I think I've got a decent amount of Sibelius; I plan on getting the rest of the BIS Sibelius Edition at some point in my life.


----------



## lemarquis (Mar 8, 2009)

Tapkaara said:


> A fairly well-rounded collection.
> 
> I noticed a few things:
> 
> ...


Thanks for the input. To be honest, I love this symphony cycle dearly and I'm afraid of spoiling it by trying another. I'm a creature of habit and get attached to things easily. I'm the same way with my Janssons Tchaikovsky symphonies. Some may not think they are the most brilliant, but I'll always swear by his rendering of the 4th and 6th. Anyway, back to Sibelius. Which Sibelius symphony cycles would you suggest? I trust Vanska and Jaarvi, but I don't know if either of them have done all of his symphonies.

We are agreed on the piano music. Actually I've found that many of the pieces are arrangements of some of his miniature orchestral pieces. I've even bought some of the music and learned a few pieces myself - quite enjoyable and accessible for an intermediate pianist.
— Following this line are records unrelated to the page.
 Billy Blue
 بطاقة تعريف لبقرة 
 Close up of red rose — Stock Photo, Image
I'm glad you commented on The Wood Nymph, it is most definitely one of my favorite works. I think it just re-emerged about 10 years ago when it was recorded for the first time and performed for the first time in 60 years. That probably accounts for people's unfamiliarity with it. My copy also has the condensed melodrama version that includes a narrator, which I highly recommend. "Enchanting" is the only word is can say - I love to lose myself in it.

Regards


----------



## Tapkaara (Apr 18, 2006)

Vanska has indeed recorded all 7 of Sibelius's symphonies. In fact, his cycle is generally considered among the best.
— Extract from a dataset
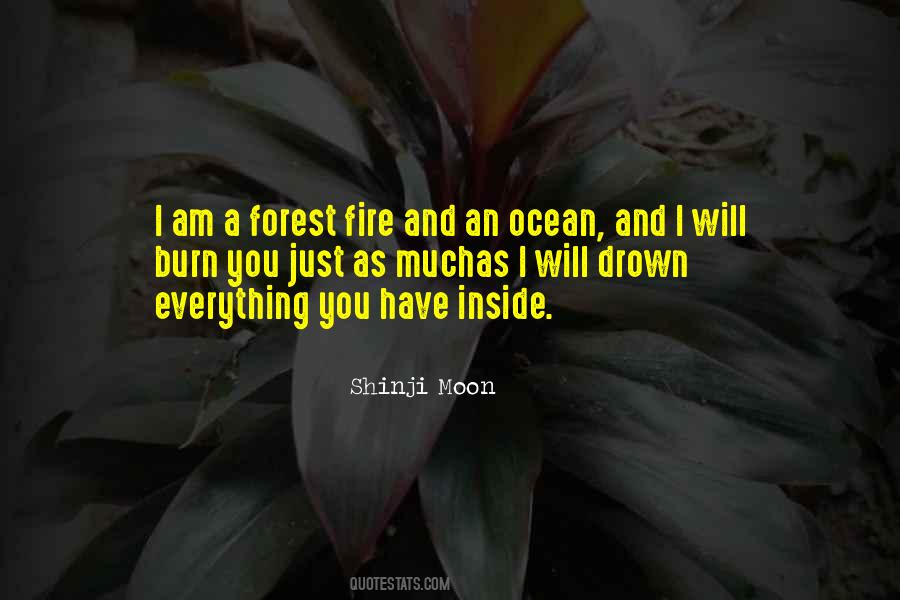 A Forest Fire Quotes #1444980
Neeme Jarvi has also done all of Sibelius's symphonies as well, but I am less familair with his cycle.

The Wood-Nymph is an early tone poem, and you are right, it was recently "rediscovered" as of about 15 years ago. Not many non-Sibelians know about it. It's a very youthful work, full of sweeping strurm and drang. One of my favorites, to be sure!


----------



## Mirror Image (Apr 20, 2009)

There are many complete cycles of Sibelius available. I would go with the Vanska's cycle of Sibelius. I agree with Tapkaara that this cycle is probably one of the best in recorded history. Jarvi's is pretty good, but he doesn't quite reach the emotional intensity as Vanska.

Sir Colin Davis' cycle on the LSO label is very good too. I have been enjoying that one recently. Blomstedt with the San Francisco Orchestra and Simon Rattle with the CBSO is also quite good, but not outstanding.
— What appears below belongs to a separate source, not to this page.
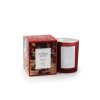 Vánoční vonná svíčka THE SCENTED HOME Christmas Spice 170 g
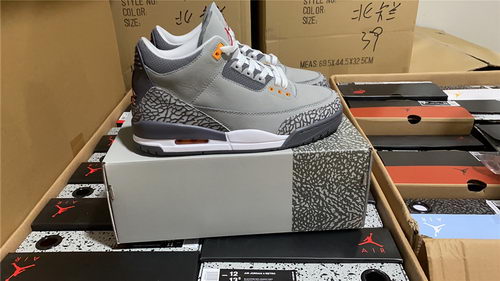Air Jordan 3``Cool Gray''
For the symphonic poems and choral works it's hard to beat Vanska. For the recording of Kullervo, there's many choices that I enjoy: Paavo Jarvi, Berglund, Vanska, and Davis (LSO).


----------



## Tapkaara (Apr 18, 2006)

Mirror Image said:


> There are many complete cycles of Sibelius available. I would go with the Vanska's cycle of Sibelius. I agree with Tapkaara that this cycle is probably one of the best in recorded history. Jarvi's is pretty good, but he doesn't quite reach the emotional intensity as Vanska.
> 
> Sir Colin Davis' cycle on the LSO label is very good too. I have been enjoying that one recently. Blomstedt with the San Francisco Orchestra and Simon Rattle with the CBSO is also quite good, but not outstanding.
> 
> For the symphonic poems and choral works it's hard to beat Vanska. For the recording of Kullervo, there's many choices that I enjoy: Paavo Jarvi, Berglund, Vanska, and Davis (LSO).


Good choices for Kullervo! Davis/LSO, Jarvi/Stockholm and Berglund/Bournemouth are hard to beat.


----------



## Mirror Image (Apr 20, 2009)

Tapkaara said:


> Good choices for Kullervo! Davis/LSO, Jarvi/Stockholm and Berglund/Bournemouth are hard to beat.


Yes they are.


----------



## Mirror Image (Apr 20, 2009)

I've been enjoying Paavo Berglund's recordings of Sibelius lately and I have a bunch of Leif Segerstam's Sibelius recordings on the way.

In honor of our friend, Tapkaara. I'm declaring this week "Sibelius Week." I really miss his insights into Sibelius' music. It's shame he's not around to discuss him. I don't know where you are Tapkaara, but please come back!!!!

I've got a good question for those of you out there, including Tapkaara, what is the idea behind Sibelius' "Swanwhite Suite"? Is this incidental music?


----------



## World Violist (May 31, 2007)

Mirror Image said:


> I've got a good question for those of you out there, including Tapkaara, what is the idea behind Sibelius' "Swanwhite Suite"? Is this incidental music?


You might find this website of immense use for Sibelius information in general: his official website, apparently. This is the page detailing the composition of Swanwhite: http://www.sibelius.fi/english/musiikki/nayttamo_joutsikki.htm


----------



## Mirror Image (Apr 20, 2009)

World Violist said:


> You might find this website of immense use for Sibelius information in general: his official website, apparently. This is the page detailing the composition of Swanwhite: http://www.sibelius.fi/english/musiikki/nayttamo_joutsikki.htm


I have forgotten about this site. Thanks, WV! By the way, do you know what has happened to Tapkaara?


----------



## World Violist (May 31, 2007)

Mirror Image said:


> I have forgotten about this site. Thanks, WV! By the way, do you know what has happened to Tapkaara?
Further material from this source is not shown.